Language Log: Cultural specificity and universal values?

December 22, 2006

Cultural specificity and universal values?

Alain Bentolila, a linguist at the University of Paris, wrote the recent "Rapport de Mission sur L'Enseignmement de la Grammaire", which the French minister of education cited in announcing his program to increase grammar teaching. (See Heidi Harley's post "French Report: It's lucky Copernicus had grammar", 12/18/2006.) When I do a web search for Alain Bentolila, the second item is an interview from L'Express in October of 2002, which covers some interesting ground. Much of it deals with vocabulary rather than with syntax:

Certes, mon oreille souffre lorsqu'on rate un subjonctif, mais l'essentiel est ailleurs: aujourd'hui, un certain nombre de citoyens sont moins capables que les autres d'exprimer leurs pensées avec justesse: 10% des enfants qui entrent au cours préparatoire disposent de moins de 500 mots, au lieu de 1 200 en moyenne pour les autres. Cela a deux conséquences. La première est que leur pouvoir sur le monde s'en trouve limité. La seconde, c'est que cela les enferme dans un ghetto et favorise un communautarisme croissant. Il existe ainsi en France une véritable inégalité linguistique, qui se traduit par une grave inégalité sociale.

Of course, my ear suffers when someone muffs a subjunctive, but the essential problem is elsewhere: today, a certain number of citizens are less capable than others of expressing their thoughts accurately: 10% of children entering elementary school have the use of less than 500 words, instead of 1,200 on average for the others. This has two consequences. The first is that this limits their power over the world. The second is that this shuts them up in a ghetto and encourages a growing sense of ethnic identity. Thus in France there is a genuine linguistic inequality, which translates into a serious social inequality.

[For the decision to translate "communautarisme" as "ethnic identity", see this discussion, e.g. "Communautarisme means that people classify themselves according to some private attributes instead of feeling that they belong to a whole."]

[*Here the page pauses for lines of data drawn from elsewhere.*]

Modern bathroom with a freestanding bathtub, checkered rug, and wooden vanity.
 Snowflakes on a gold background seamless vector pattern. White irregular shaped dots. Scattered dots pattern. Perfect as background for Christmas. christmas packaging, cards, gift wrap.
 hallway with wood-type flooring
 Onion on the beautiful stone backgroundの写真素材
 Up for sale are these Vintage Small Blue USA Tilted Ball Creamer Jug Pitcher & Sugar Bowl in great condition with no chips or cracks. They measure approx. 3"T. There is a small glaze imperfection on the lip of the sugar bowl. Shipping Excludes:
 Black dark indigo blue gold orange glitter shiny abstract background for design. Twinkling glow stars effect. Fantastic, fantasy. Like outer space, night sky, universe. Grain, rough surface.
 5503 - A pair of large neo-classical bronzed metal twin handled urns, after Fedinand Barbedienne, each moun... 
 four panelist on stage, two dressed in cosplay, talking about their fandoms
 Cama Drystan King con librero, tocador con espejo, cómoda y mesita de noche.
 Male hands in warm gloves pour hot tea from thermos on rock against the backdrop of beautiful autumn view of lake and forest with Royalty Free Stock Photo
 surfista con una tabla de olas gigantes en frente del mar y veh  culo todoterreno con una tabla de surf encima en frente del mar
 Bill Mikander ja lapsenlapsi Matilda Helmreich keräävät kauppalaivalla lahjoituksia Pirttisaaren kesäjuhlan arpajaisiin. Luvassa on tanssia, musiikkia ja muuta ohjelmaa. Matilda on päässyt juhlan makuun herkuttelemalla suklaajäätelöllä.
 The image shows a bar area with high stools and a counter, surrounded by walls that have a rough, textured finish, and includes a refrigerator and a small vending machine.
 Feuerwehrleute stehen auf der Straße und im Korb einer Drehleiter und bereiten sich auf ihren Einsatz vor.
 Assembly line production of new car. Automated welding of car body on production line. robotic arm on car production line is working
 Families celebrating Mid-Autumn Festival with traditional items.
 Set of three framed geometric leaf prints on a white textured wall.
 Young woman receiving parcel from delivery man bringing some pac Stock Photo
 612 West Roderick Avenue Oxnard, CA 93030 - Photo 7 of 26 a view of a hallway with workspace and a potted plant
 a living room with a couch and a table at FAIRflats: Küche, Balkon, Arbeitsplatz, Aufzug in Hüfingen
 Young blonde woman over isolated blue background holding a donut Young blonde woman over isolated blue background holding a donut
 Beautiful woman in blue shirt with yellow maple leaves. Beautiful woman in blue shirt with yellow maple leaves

This business of quantifying word usage and vocabulary size, for different groups, has come up a lot recently. I know that I'm not going to get anywhere suggesting that journalists should ask people to cite a source for numbers like these. Unfortunately, though, the numbers are nearly meaningless otherwise.

I don't mean that there aren't large individual, class and cultural differences in vocabulary size, and I don't mean to suggest that these differences don't matter. But the particular numbers that Bentolila cites in this interview are surprisingly low, and I wonder where they came from and how they were measured.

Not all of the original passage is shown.